Monday, May 1, 2017

Frédéric Alfred d'Erlanger; Frederic Cliffe - Violin Concertos (Philippe Graffin)


Composer: Frédéric Alfred d'Erlanger; Frederic Cliffe
  1. d'Erlanger - Violin Concerto in D minor, Op. 17: I. Allegro moderato e maestoso
  2. d'Erlanger - Violin Concerto in D minor, Op. 17: II. Andante
  3. d'Erlanger - Violin Concerto in D minor, Op. 17: III. Allegro molto
  4. d'Erlanger - Poëme in D major
  5. Cliffe - Violin Concerto in D minor: I. Allegro moderato
  6. Cliffe - Violin Concerto in D minor: II. Andante (poco lento)
  7. Cliffe - Violin Concerto in D minor: III. Lento (recitativo)

Philippe Graffin, violin
BBC National Orchestra of Wales
David Lloyd-Jones, conductor

Date: 2011
Label: Hyperion



The 10th volume of Hyperion’s series devoted to The Romantic Violin Concerto wanders further afield—or so it seems—than did at least most of the earlier volumes into the downright obscure—though by no means the uninteresting—in its exploration of concertos by Baron Frédéric Alfred d’Erlanger and Frederic Cliffe. D’Erlanger’s concerto, according to the booklet notes, received its premiere in 1903 by Hugo Heermann in Frankfurt; Fritz Kreisler and Albert Sammons played it in England, and it must have served as a most appropriate vehicle for them. The first movement’s soaring romanticism, to which Philippe Graffin and David Lloyd-Jones seem keenly attuned, includes a variety of purely violinistic figuration, some of it athletically virtuosic, and a manner of deploying it that makes the solo part sound idiomatic; the work’s harmonic manner includes sudden modulations that should hold a more general listener’s interest. The movement ends with a majestic statement in Lloyd-Jones’s stirring account. The colorful orchestration of the opening movement endures in the woodwind timbres of the transparently scored second. In that movement, the violin takes its turn accompanying the orchestra with a rainbow of spectral arpeggios and bands of slinky figuration. The buoyant and sprightly dance-like finale may strike some listeners as insufficiently weighty—or, alternatively, pixilated (in the pre-digital sense), yet not so elfin as Felix Mendelssohn’s famous finale—to bring a work of the concerto’s gravitas to a satisfying conclusion, but Graffin and the orchestra weave in it their own kind of spell. 

The composer orchestrated his Poème in 1928, although it appeared 10 years earlier.
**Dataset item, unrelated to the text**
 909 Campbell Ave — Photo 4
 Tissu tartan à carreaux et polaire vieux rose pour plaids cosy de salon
According to the notes, its champions included William Primrose (as violinist) and Adila Fachiri (Jelly d’Arányi’s sister), who played it with the composer in the original violin-and-piano version. In pure sumptuousness, it’s perhaps equal to Ernest Chausson’s similarly designated work, though it sounds more direct, less sinuous, and more focused harmonically. 
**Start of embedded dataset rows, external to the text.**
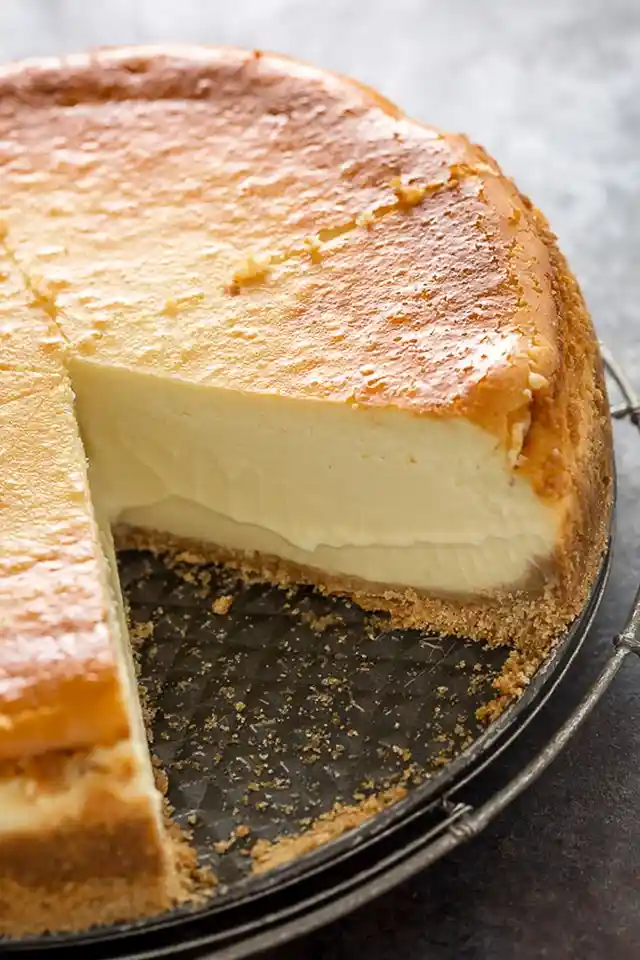 Extra cremiger Käsekuchen mit knusprigem Keksboden 3 Recipe image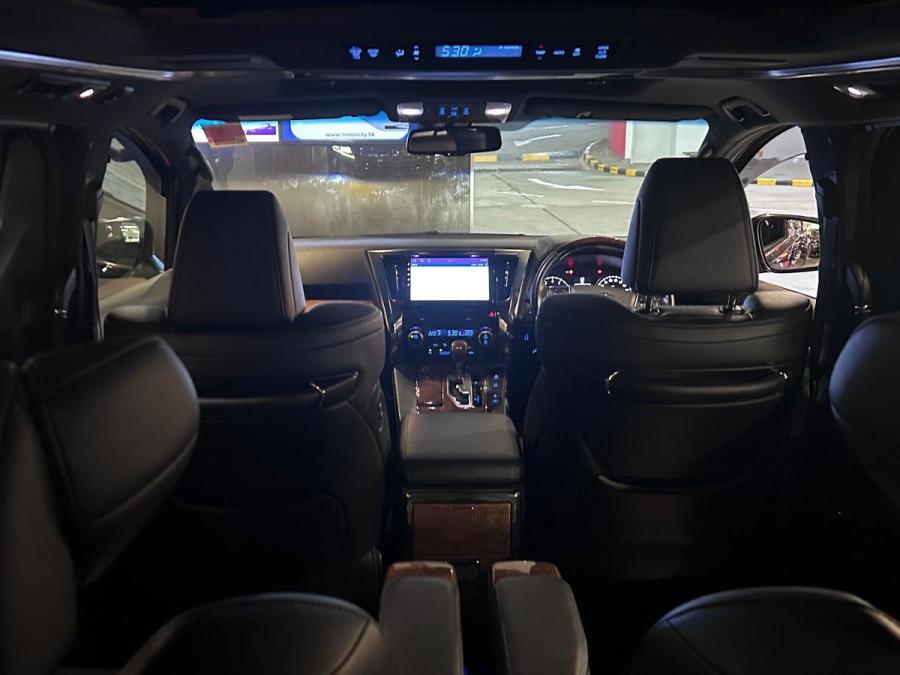 Alphard 3.5  豪華版 - Image 9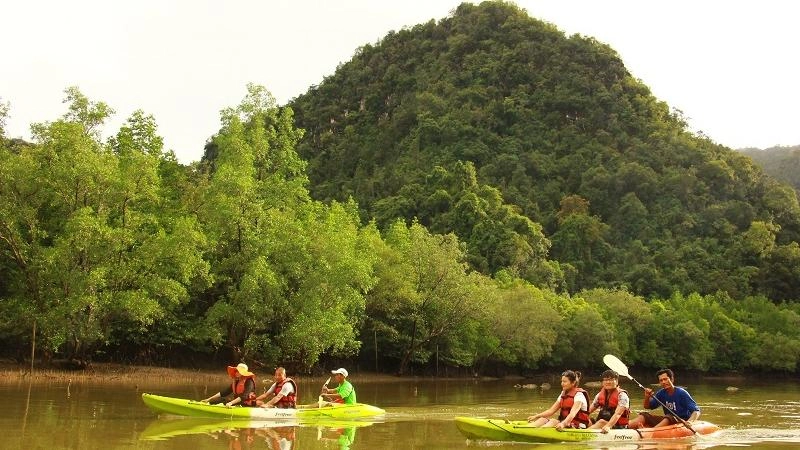 เส้นทางของรอยยิ้ม อ่าวลึก จ.กระบี่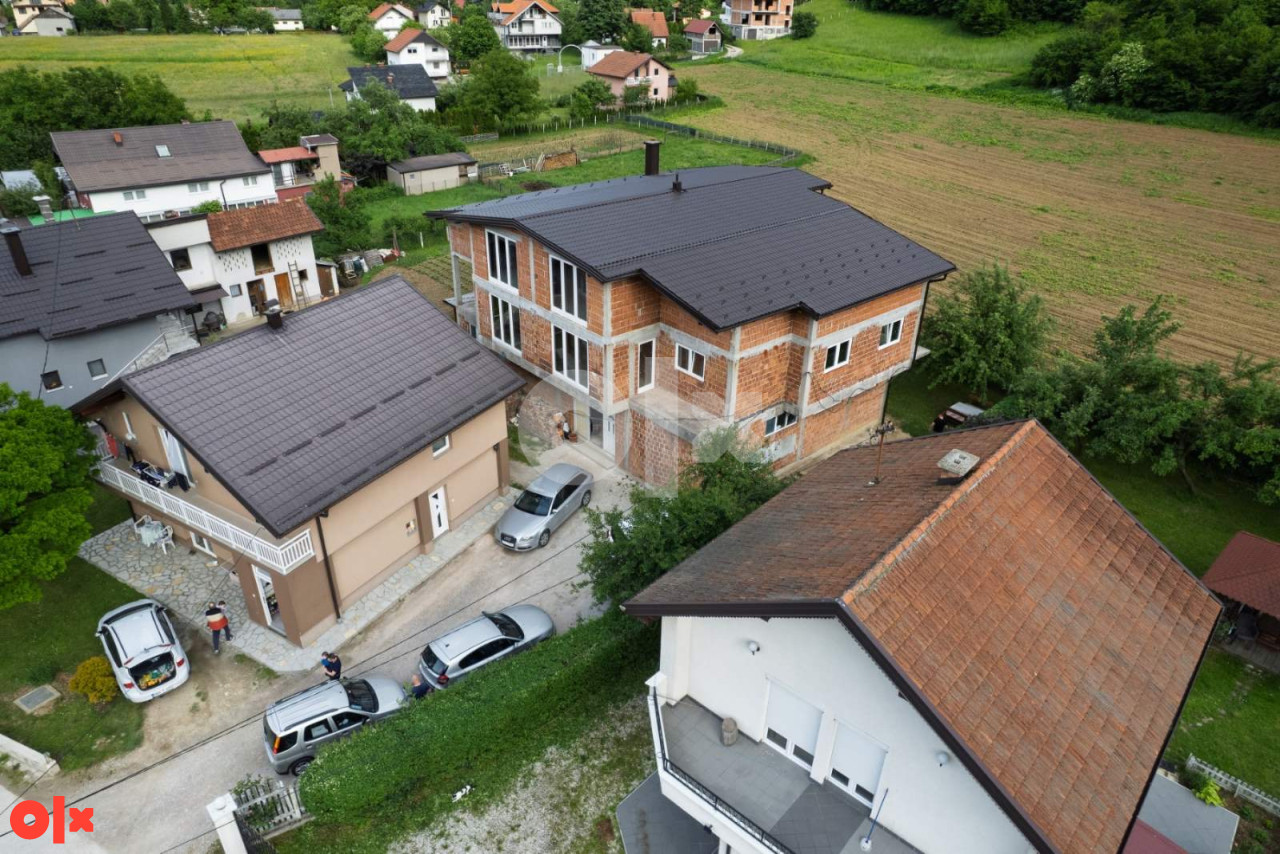 Dvije kuće Zbilje Visoko 800m2 5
Cliffe’s concerto, from 1896, opens, as does d’Erlanger’s, with bold double-stopped statements by the soloist. Both concertos speak in a harmonic dialect rich in surprises and subtle twists, and they confidently combine songlike melodies with violinistic display foreshadowed in their opening measures. Once again, Graffin plays as though born to the manner, and in this concerto he often allows the melodies to languish, swallowed by later sonorous tuttis (Lloyd-Jones knows just when to make those blaring statements). The first movement includes near its end an extensive and well-developed cadenza, with some touches like accompanying tremolo that made the cadenzas Kreisler wrote for popular works so effective. If the slow movement of Cliffe’s concerto doesn’t show the almost pointillistic orchestration of d’Erlanger’s, its melodious themes and rapt interaction with orchestra make it equally moving. After a misty opening, the skies clear to reveal a vigorous, ruddy finale that’s nevertheless as rich as the preceding movements of harmonic finesses. 
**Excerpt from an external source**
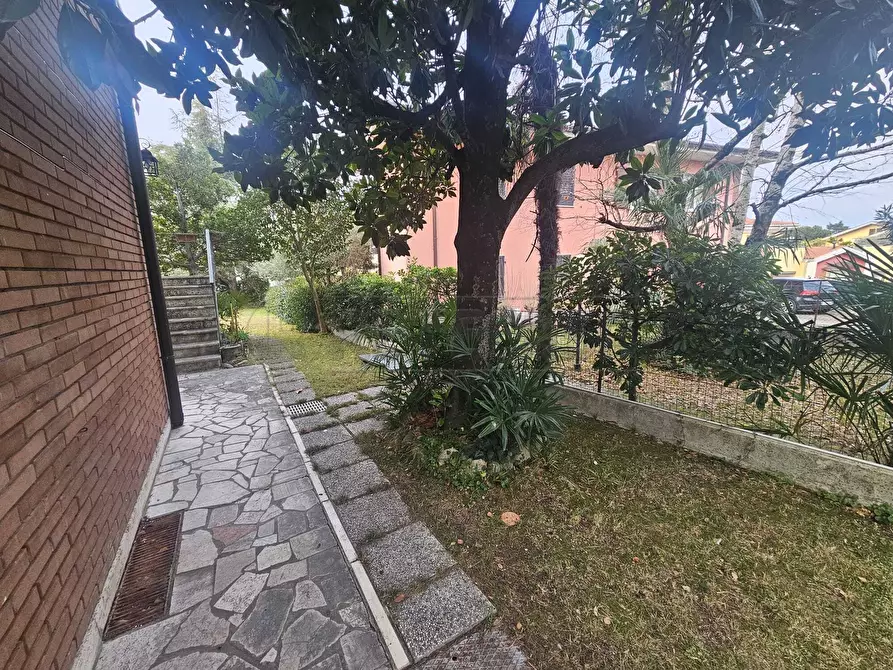 Immagine 21 di Trilocale in vendita  a Bardolino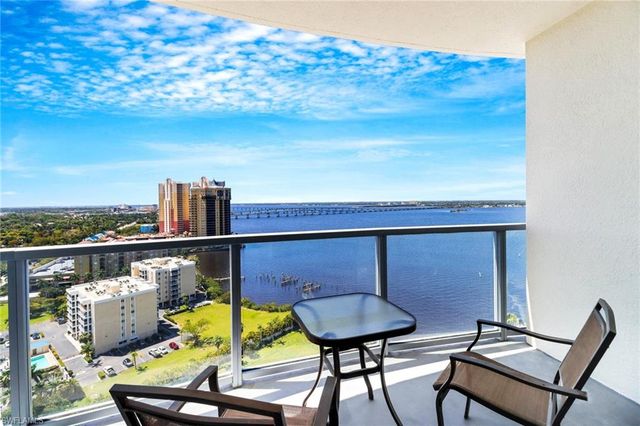 3000 Oasis Grand BLVD 2004, Fort Myers, FL 33916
The engineers haven’t placed Graffin very much in the fore, and his tone on the 1730 Domenico Busano violin on which he plays sounds sweetly insinuating rather than boldly commanding. For the most part, he has mastered the difficulties of the two concertos, as well as their expressive requirements (and he revels in the composer’s Poème ). For those who appreciate the kind of late-blooming romanticism represented by Edward Elgar’s concerto, these two concertos and d’Erlanger’s Poème should be almost obligatory—alternately affecting and stirring—listening. Very strongly recommended. 

-- Robert Maxham, FANFARE

More reviews:
MusicWeb International  RECORDING OF THE MONTH


Frédéric Alfred d'Erlanger (29 May 1868 in Paris – 23 April 1943 in London) was an Anglo-French composer, banker and patron of the arts. His compositions include works of all kinds, notably some operas and ballets was produced. As a millionaire, d'Erlanger was described as a "genuine Renaissance man"; he was a noted patron of the arts in London and invested in developing countries, financing department store chains in South America and railways in South Africa.


Frederic Cliffe (2 May 1857 – 19 November 1931) was an English composer. From 1884 to 1931 he held the post of Professor of Piano at the Royal College of Music. Among his pupils were John Ireland and Arthur Benjamin. Cliffe had a short career as a composer from 1889 to 1905, with two symphonies as his principal works. After that seventeen-year period of composing substantial works, he had no record of further major composition and his works received few subsequent performances during his lifetime.


Philippe Graffin (born 1964 in Romilly-sur-Seine, France) is a French violinist. Graffin was a student of the late Joseph Gingold and Philippe Hirschhorn and has established a particular reputation for his interpretations of his native repertoire as well for his interest in rare and contemporary works. He has made numerous landmark recordings for labels such as Hyperion, Avie, ASV and Onyx. Graffin plays a Domenico Busano violin, made in Venice, 1730. He is currently professor at the Paris Conservatoire National Supérieur de Musique and guest professor at the Brussels Conservatoire Royal.